For each of these there are negative feelings associated with either end of the axis. There is of course a middle ground where we are thoughtful, balanced, in control of our relationship with technology. Where I might feel (for example) neither fearful of interacting online, nor liable to behave disrespectfully to others. However, increasingly I seem to be able to experience both negative ends of the spectrum at the same time. In writing this keynote, for example, I am working obsessively on my slides, using Keynote and Google advanced image search, and cycling between them like my daughter's hamster on its little mouse wheel. I've just noticed that it's after midnight and I probably haven't got up from the laptop in three hours. At the same time I feel ungrounded and dispersed through the various media I am using and through the different sources I have open. I am slightly in despair at the impossible task of keeping up with all the exciting people who are blogging in this area (see my blogs to watch on the right). I also feel some guilt that I am dipping into various online discussions in order to snatch at what is useful to me immediately, rather than making my own stance visible or committing to participate over time.


I have hardly made myself vulnerable through this confession and I feel lucky that I participate online as regularly as I do without (yet) meeting with any significant abuse or trolling. But I see that many many women do experience this, from below the line responses to female columnists such as Hadley Freeman in the Guardian, to the reaction Audrey Watter received when she posted that 'Gamergate is an EdTech issue' on Hack Education. And in similar vein I understand that participating online, especially in academic spaces, feels very different if you are not English, not from the global North, not from an elite institution such as most UK universities (in a global context) are, not from a particular educational culture, not physically able, not digitally able, not a 'proper' student, (not a 'proper' academic)... Maha Bali's blog is an upbeat but sobering read on many of these issues.

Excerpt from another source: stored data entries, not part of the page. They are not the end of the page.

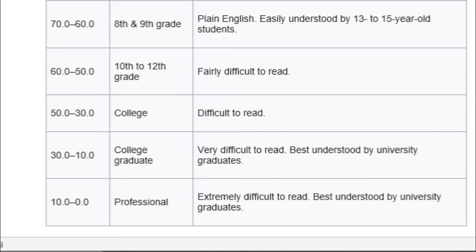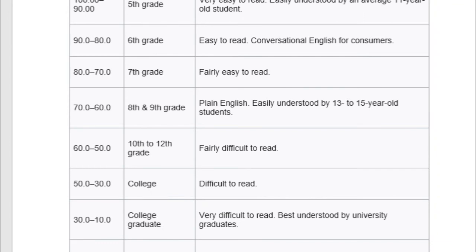And in between we have from fairly difficult to read to fairly easy to read. This test is extremely helpful for article and story writers who want to verify if their work is suitable for their target audience, be it children or graduates.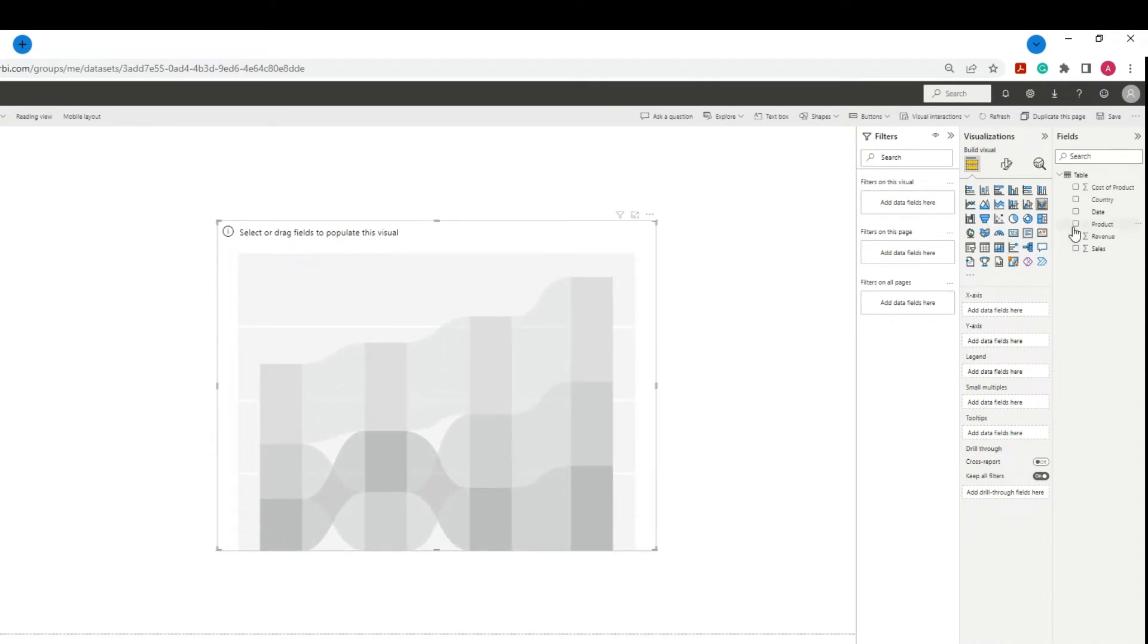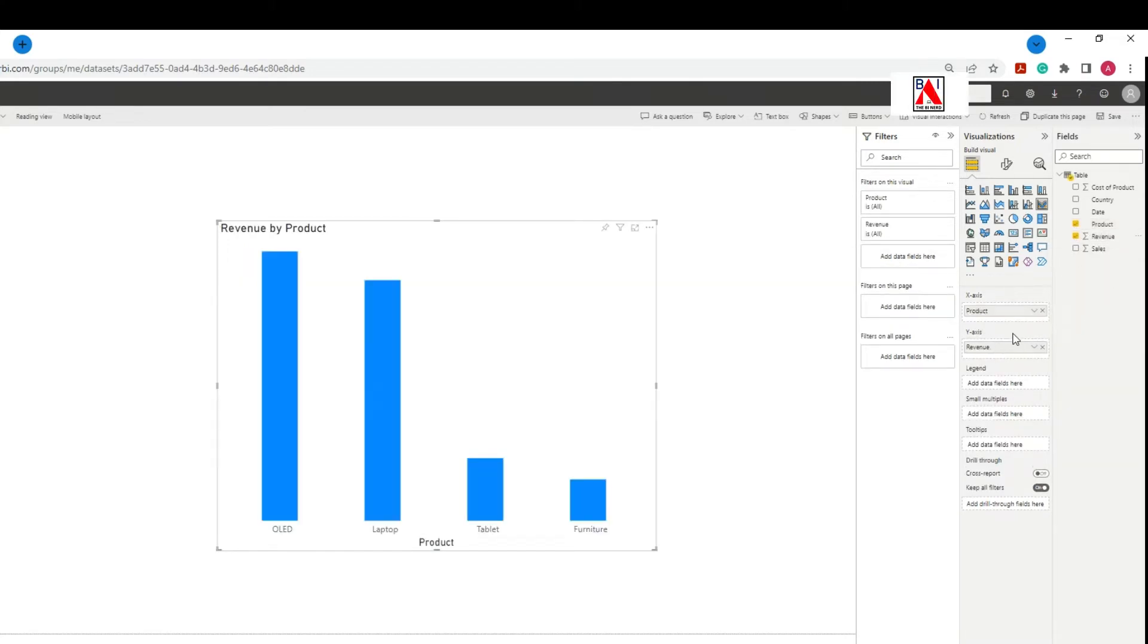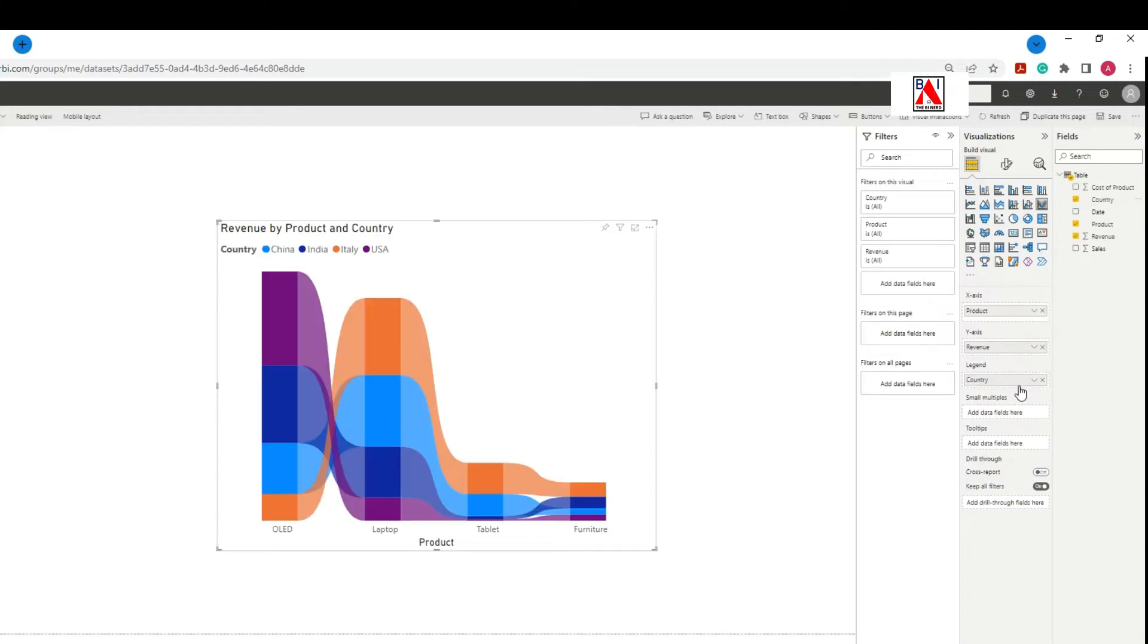Step 2. Select Product then drag and drop Product to X-axis. Select Revenue then drag and drop Revenue to Y-axis. Select Country then drag and drop Country to Legends field.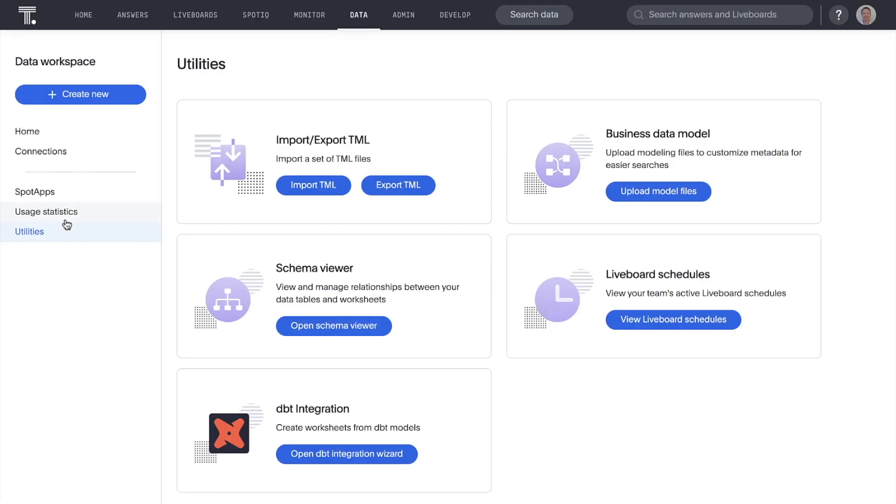This release includes a beta version of ThoughtSpot's integration with DBT, the leading solution for in-database data modeling with SQL.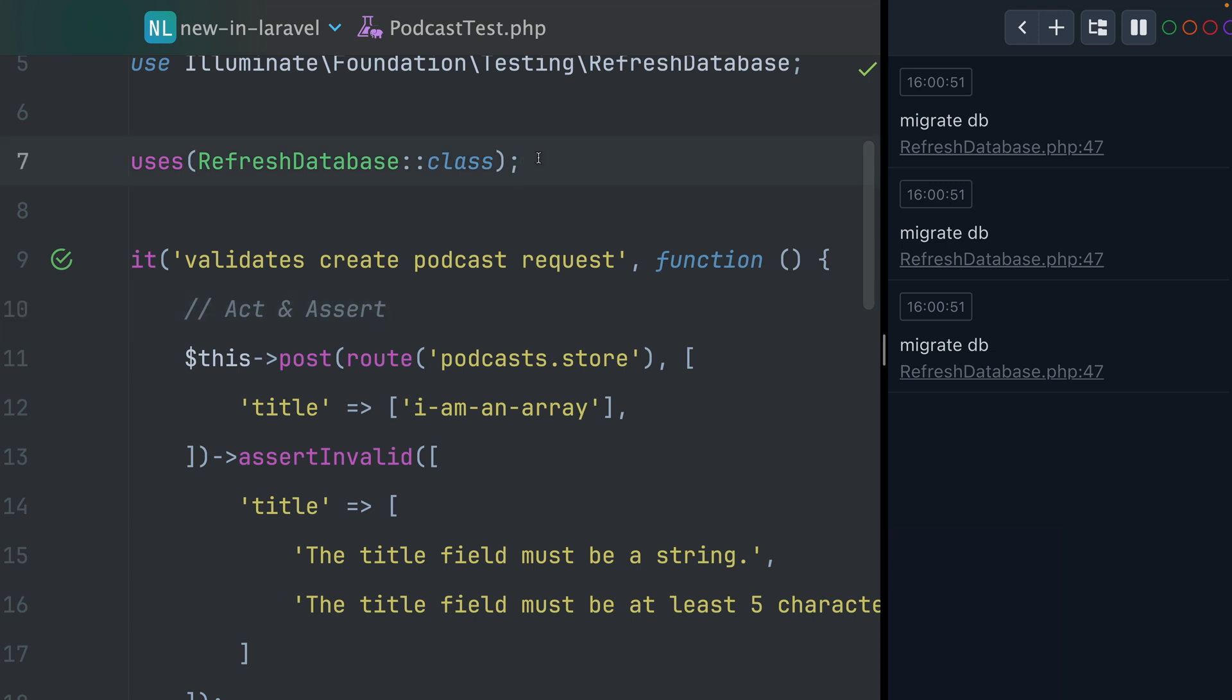And for in-memory databases, when we use the refresh database trait, by the way, this works the same with PHPUnit test. And this is going to be run for every single test method in my test. So as I told you already, we have two tests here where actually we're not hitting the database. So for those two tests, we actually don't need this.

So, as Bonnie Stewart has argued, we need to take care of each other in digital spaces, recognising that they engender vulnerabilities as well as opportunities. How much truer that is when the others are our students. In my final provocation tomorrow I will ask how we might recover from digital fall-out, and help our students to recover too, in ways that make us all more resilient.

Monday, 10 November 2014

Post-digital provocations #2: 'in the wake of' the digital

In this post I introduce the first of three sets of slides that would have been the backdrop to my keynote, had I been doing a standard keynote at the SEDA conference. However, as this is a flipped format I am making the lecture material available in advance, so that we can use the live session for discussion. The first topic I have called 'in the wake of' the digital, exploring the idea of 'post' to mean 'after' but 'not yet done with'.
cc charlie-trumpet.deviantart.com
You will find my slides on slideshare and my slides with audio on youtube. In these slides I look at some specific features of networked digital technologies from the perspective of their development up until 2014. I review the impact of these new means of production on academic practice, thinking in terms of educational content, context, theory and method. Finally I conclude that - while there are specific affordances of digital media for learning and communicating ideas, and specific opportunities presented by digital data at scale - the most significant overall impact for educators is to make learning settings and events more porous (leaky).
CC0 public domain license: http://pixabay.com/en/users/TobiasD-206193/
In my next post and slide set I continue the water theme and look at what that feels like - for learners and for educators - and how we develop a critical response to these changes.

Thursday, 6 November 2014

'Post-digital' provocation #1: mode of production

I've been asked to provide a 'flipped keynote' for the SEDA conference 2014, which this year is called 'Academic Development in a Post-Digital Age'. You can find the abstract for my keynote and more about the conference here.
As homework for the live keynote - and for interest if you have arrived here and don't plan to be at the live session at all - I will be posting three short slide sets with audio and notes. These will follow the three ideas I outline in my abstract: that we can understand 'post' to mean in the wake of the digital event, whatever that is/has been, in response to the digital, and/or in recovery from it.
Malene Thyssen, http://commons.wikimedia.org/wiki/User:Malene
By way of an introduction, today I want to examine my own assumption that the 'digital' (as in 'the Digital Age') is a mode of production. Economic theorists have coined the term 'cognitive capitalism' to distinguish today's economic relations from (say) mercantile or industrial capitalism, when - respectively - trade and conquest, and advances in industrial technologies, were the drivers of profit. Today, they argue, in a globalised economy and at an advanced stage of technologisation, innovation and information technologies are key. The same ideas may be more familiar as the 'knowledge economy', though I would question the optimism with which this term has generally been used (see for example this interview with Keri Facer from 2010). Whether or not we accept these overarching accounts of our C21st economy - which after all still has to produce real means of subsistence and shelter and good health as well as good ideas - still it seems to me beyond argument that digital technology is changing modes of academic and intellectual production. Research, sharing and disseminating ideas, putting ideas to use, teaching and developing new thinkers and innovators - none of the core functions of academic labour has failed to be radically changed.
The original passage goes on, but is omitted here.